The world is full of dark creepy forces, and Shop Talk weave the myriad stories found therein into some pretty unique and satisfying punk rock. Long-time Guided By Voices producer Travis Harrison recorded The Offering at his Serious Business Studio in NYC; Harrison and Garcia mixed the EP. Shop Talk will be live at Le Poisson Rouge on June 3 in NYC, supporting Pissed Jeans (w/Carniverous Bells).

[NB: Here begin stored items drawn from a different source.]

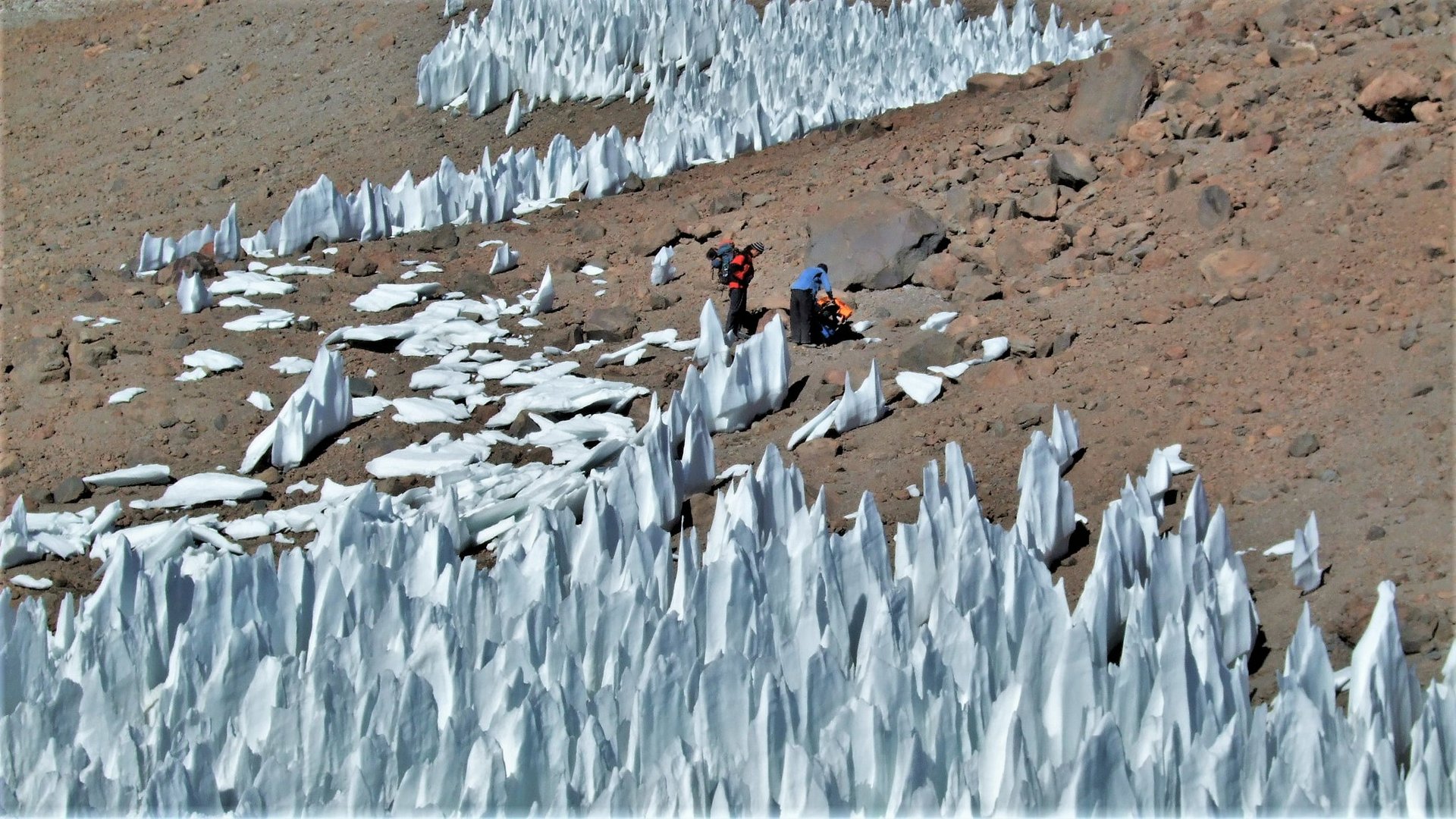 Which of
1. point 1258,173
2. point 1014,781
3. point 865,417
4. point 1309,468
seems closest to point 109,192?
point 865,417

According to their bio, Miranda and The Beat formed in true gritty rock and roll fashion: singer Miranda Zipse and drummer Kim Sollecito moved to NYC from small town California, where they shared a bed in an apartment, “giving up all their possessions and sacrificing a tawdry normal existence to lead a true path of illuminated rock n’roll.” They met Dylan Fernandez when he was delivering weed and added him as a Farfisa player; current bassist Alvin Jackson is his little brother, replacing former member Kate Gutwald. Their self titled debut album Miranda and The Beat is imbued with soul, brimming with garage-rock guitar, 60’s psych-tinged organ and funky beats. The overall effect is one of standing in a funhouse, floor tilting underneath and mirrors reflecting back a swirling lava lamp of colors.

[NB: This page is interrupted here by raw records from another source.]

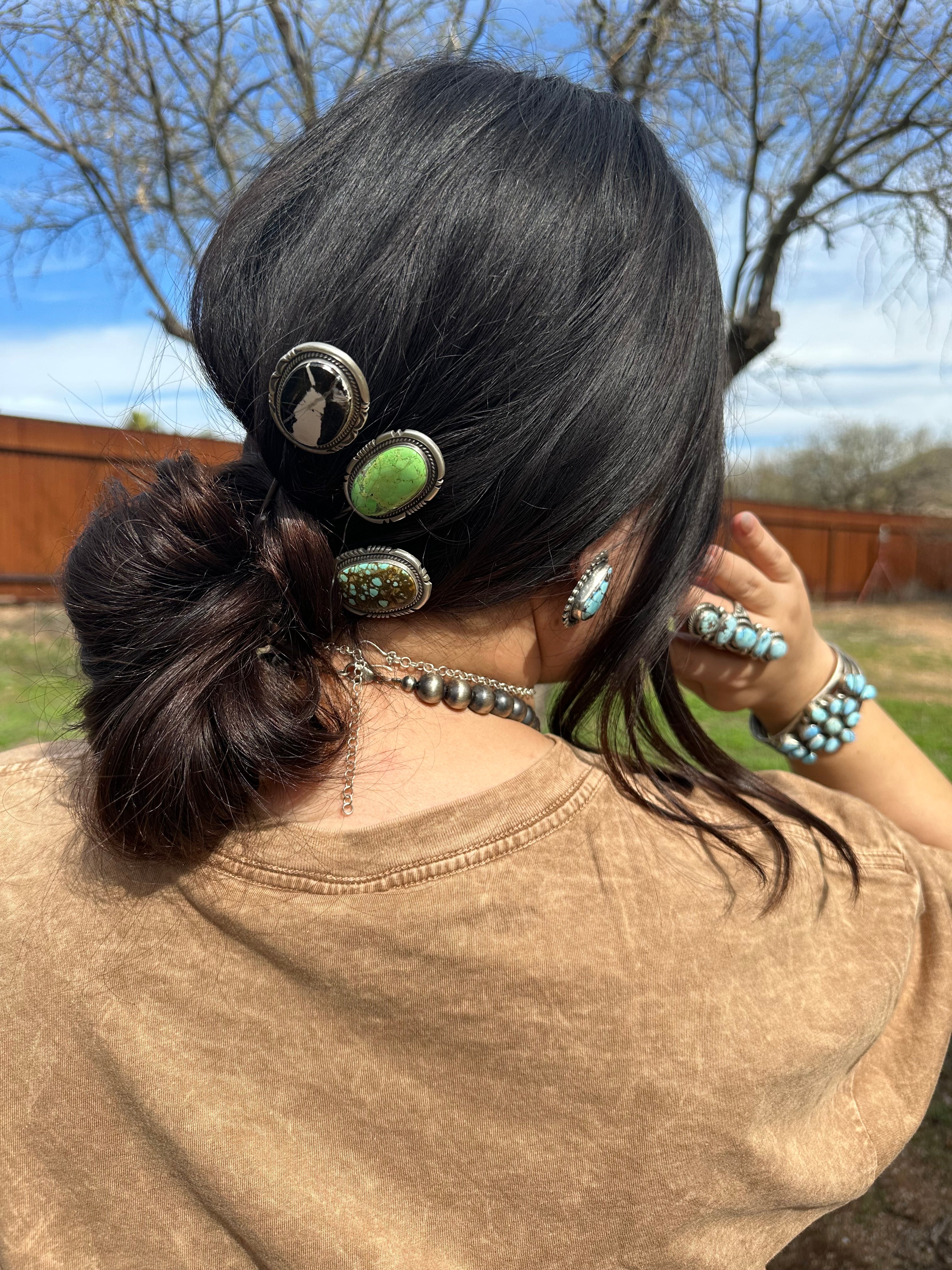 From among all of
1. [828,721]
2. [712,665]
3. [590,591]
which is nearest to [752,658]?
[712,665]

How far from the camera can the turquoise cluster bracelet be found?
1.36 metres

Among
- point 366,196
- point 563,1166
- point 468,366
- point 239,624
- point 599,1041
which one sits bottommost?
point 563,1166

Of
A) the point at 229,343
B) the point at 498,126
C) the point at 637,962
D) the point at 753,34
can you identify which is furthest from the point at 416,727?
the point at 753,34

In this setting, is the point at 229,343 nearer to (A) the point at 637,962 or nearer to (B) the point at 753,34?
(A) the point at 637,962

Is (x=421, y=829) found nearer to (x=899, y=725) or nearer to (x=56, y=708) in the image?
(x=56, y=708)

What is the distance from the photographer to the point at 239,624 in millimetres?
843

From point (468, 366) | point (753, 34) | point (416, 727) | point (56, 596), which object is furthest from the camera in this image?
point (753, 34)

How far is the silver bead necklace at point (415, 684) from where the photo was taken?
872 millimetres

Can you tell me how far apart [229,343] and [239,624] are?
27 cm

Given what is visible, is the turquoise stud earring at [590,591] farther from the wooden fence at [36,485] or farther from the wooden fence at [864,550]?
the wooden fence at [864,550]

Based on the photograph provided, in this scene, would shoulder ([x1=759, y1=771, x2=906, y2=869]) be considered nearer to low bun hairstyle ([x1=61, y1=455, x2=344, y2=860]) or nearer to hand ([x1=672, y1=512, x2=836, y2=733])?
hand ([x1=672, y1=512, x2=836, y2=733])

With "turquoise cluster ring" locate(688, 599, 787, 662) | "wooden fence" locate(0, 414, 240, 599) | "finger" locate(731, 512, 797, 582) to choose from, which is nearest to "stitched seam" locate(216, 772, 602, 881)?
"turquoise cluster ring" locate(688, 599, 787, 662)

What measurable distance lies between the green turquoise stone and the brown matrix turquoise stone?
0.17ft

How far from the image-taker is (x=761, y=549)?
1.30 m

The lead track “Sweat” kicks everything off with a slinky, soulful melody that evokes a hot summer night and crowded rooms, and apparently hangover sweats (“all up in my crack.”) The color saturated, out of focus music video pairs perfectly with the song, which sets the tone for the record with Zipse’s frantic guitar and strong voice punctuating the groovy beats.
The follow up single “Concrete” is more of an upbeat, dance-punk number, probably the most head-bopping track to be found here.
The songs on the album have a similar sound but are executed with different moods: “I’m Not Your Baby” and “When Are You Coming Home” slink along with an atmosphere that wouldn’t be out of place in a Bond film, and “Not My Guy” is a waltzy, jangly ballad primed for a slow dance in a near empty club under a twirling mirrorball.
Miranda and The Beat isn’t a long album, clocking in at ten songs with none over four minutes (the shortest, “ODR,” is a 42 second blast of quickly building garage-rock catharsis) and is pretty much the dictionary definition of “all killer, no filler.” The record sounds great too, with mixing and production from Nick Zinner of Yeah Yeah Yeahs. It’s easy to follow the line from Miranda and The Beat’s earliest singles like 2018’s “Dont Play Me” to 2020’s “Such A Fool” 7-inch that came out on Third Man, to this full length debut, and see a maturing of their sound and style.